Every time a jockey eases himself or herself into the saddle, an ever-present danger keeps them company. It travels with them, mostly as a silent passenger that does not show itself … but it can also manifest itself in ways as diverse being relatively harmless to outright catastrophic.

That concern is never front and centre in the everyday life of a jockey. It can’t be. They have a job to do. They all know the high stakes game they are playing, but they do it anyway, most of them because of their pure love for the horse as an animal and the pleasure it brings them to be involved so intimately with thoroughbred racehorses.

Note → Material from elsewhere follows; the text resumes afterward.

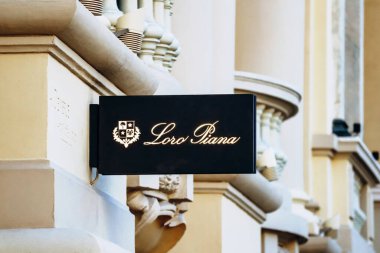 Monako, Monako - 20 Ocak 2024: Monako 'daki ünlü Monte Carlo kumarhanesinin binasındaki Loro Piana butiğinin işareti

It is only when an incident occurs that falls into the catastrophic category that we get the awful reminder of what jockeys are really putting on the line when they go into action and how a split second can be life changing.

That’s why the news was shocking when a report came out of Beaudesert that star apprentice Jasmine Cornish had suffered such an experience during official trials at her home track of Beaudesert on Tuesday November 8 in circumstances which is currently under an official pending review. (It has been suggested, but not confirmed, that an errant cone, one which had been kicked out of line back onto the racing line by a horse in a previous trail and which had not been put back in its place, played a big part in the incident).

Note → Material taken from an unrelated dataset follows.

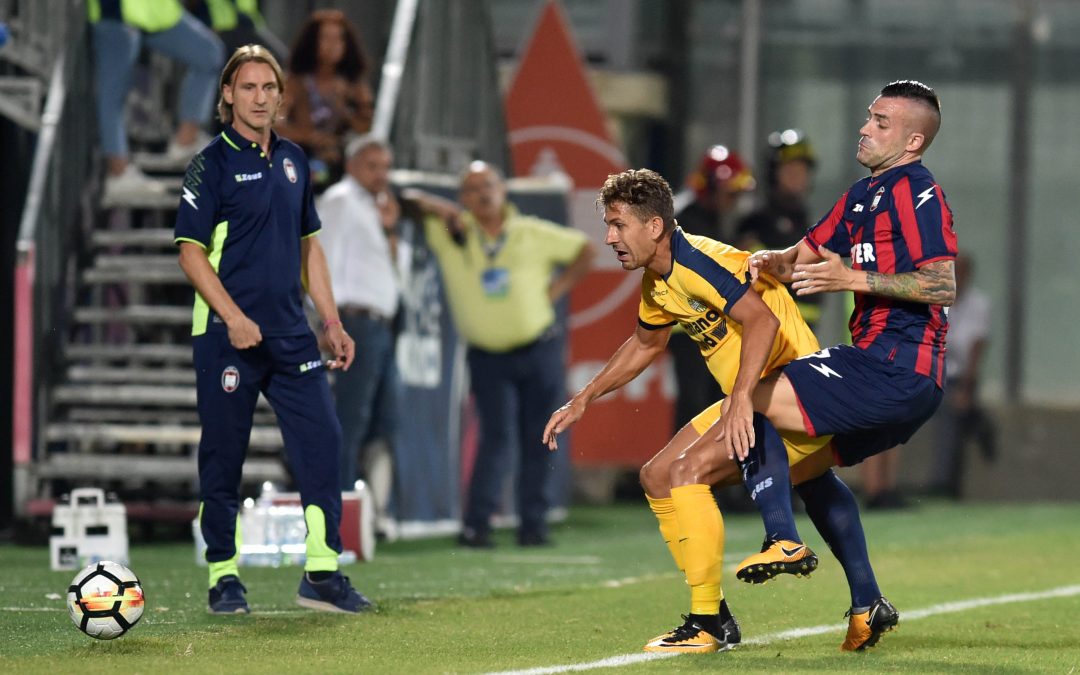 Martella controlla Cerci sotto lo sguardo di Nicola durante Crotone-Verona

This type of situation has come out of left field for many people over the years and so, while the story of Jasmine Cornish is not a unique one, it nevertheless a telling tale of the risks involved in the riding profession.

What seemingly has been established at this stage is that, when the leading horse, racing in the line of runners in front of Cornish’s mount in the trial in question, shied at a witch’s hat (a cone) it slammed into the horse next to it which, in turn, ricocheted onto a third runner pushing both horses into the path of Cornish’s mount, Reflecting Image.

That abrupt movement sequence left Reflecting Image with nowhere to go and the legs were taken out from underneath the mare sending Cornish slamming into the ground.

It all took just a split second.

The impact was sickening. The trauma that ensued was immense. The list of injuries to Cornish was horrendous. (The horse ultimately pulled up sore but without any serious injury)

Cornish, battered and bleeding, reportedly instinctively wanted to get up … but was held down by those who arrived at the scene first, so that she could receive immediate attention and be stabilised, but there was still an obvious huge concern about her condition when she was airlifted from the track … always an ominous sight … and taken to the Princess Alexandra hospital.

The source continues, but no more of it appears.